There are so many variables that this may be impossible to answer.

  1. Put the boy and your own children first.
  2. Your husband should do nothing (imo) before talking it out with the mother of his possible child. He could tell her that he is open to meeting the boy if she agrees that he's the father.
  3. Your husband would be ethical to inform the mother about the colon cancer issue (whether she admits his parenthood or not). However, he cannot expect her to admit anything or to include your family in her son's life.

IMO, leave well enough alone (once the cancer info has been disclosed). The mother has made choices that might be hurtful to your husband, but disclosing this info may really hurt her partner and most especially the boy. Your husband is handling it emotionally, but you do not know how anyone else will react.

When the son has reached adulthood and the mother has never said anything to her son, if your husband still wants to pursue it -- that's the time to suggest to his then adult son that they get a DNA test. Your husband must be fully prepared for a less than stellar reaction.

My answer has changed due to your added information. This is my opinion only.
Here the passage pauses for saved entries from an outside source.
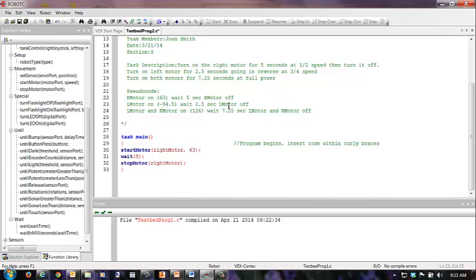I'm going to wait 2.5 seconds, then turn it off. Then Lmotor and RmotorOn at 126, which is full speed. Wait 7.25 seconds, then Lmotor and right motor off.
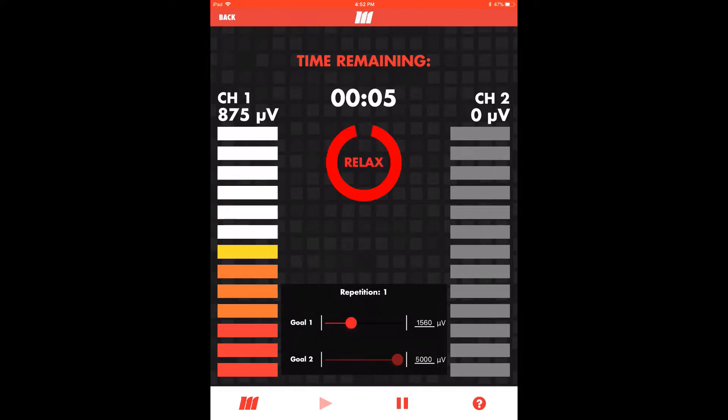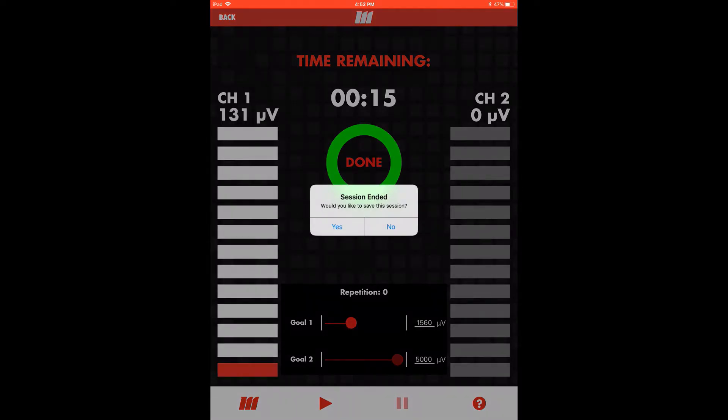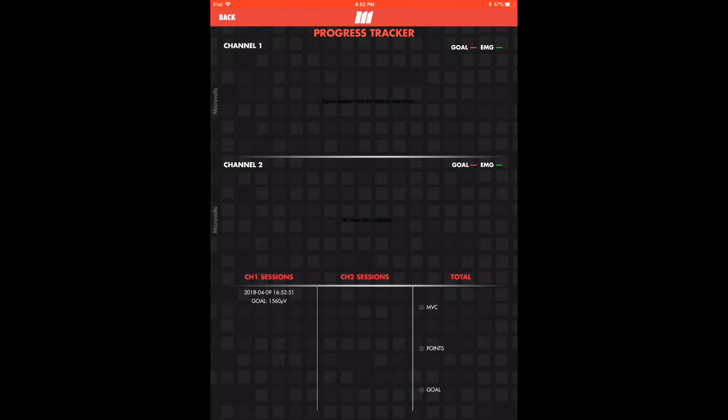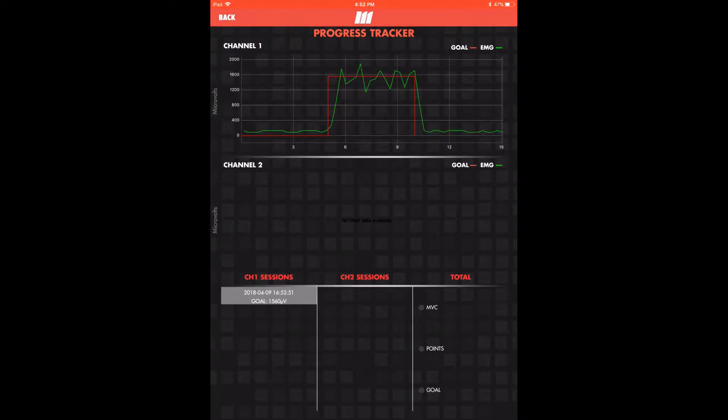When the session is complete, select Yes to save session output to the tracking module, where we'll head next. Tap the session timestamp to see a graph of actual output, the green line, compared to the goal, the red line.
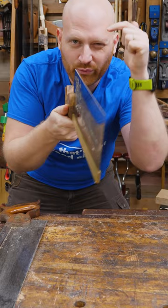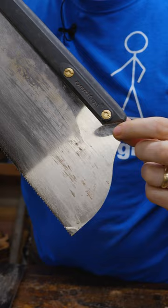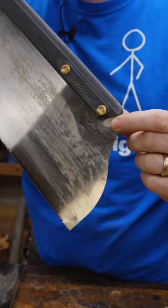Now, if your saw happens to have a kink in it rather than a natural bend, that's a lot harder — that can be almost impossible to take out. It can be done, but it's incredibly difficult. It usually requires an anvil and a peening hammer. So if you're trying to find a good antique saw and it has a bit of a curvature to it, it's not a problem. Don't get bent out of shape.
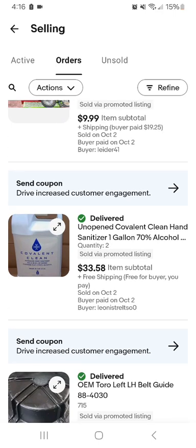I sold two more hand sanitizers — saw them from the same person — for like $28 bucks, free shipping.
I doubt there's an 'answer' to your question.

  • Sorry wasn't put in your comments and was left in answers Commented May 12, 2017 at 17:20
  1. You don't know for a fact that this boy is your husband's son.

  2. Claiming fatherhood would likely destabilize the boy's family.

  3. It's not your family.

By telling him that he's your husband's son you'd get involved in another family's business, you'd be telling him something that may not even be true, you'd destabilize his relationship to his parents, and you'd destabilize the relationship between his parents. As for the upside, I don't see one.

I'd recommend against it.

If you want to get involved, your husband could ask the woman he presumably had unprotected sex with 9 months before the boy was born (it's somehow implied by your question) how she'd prefer him to answer should the boy ever ask. In that private conversation he should also mention the colon cancer risk.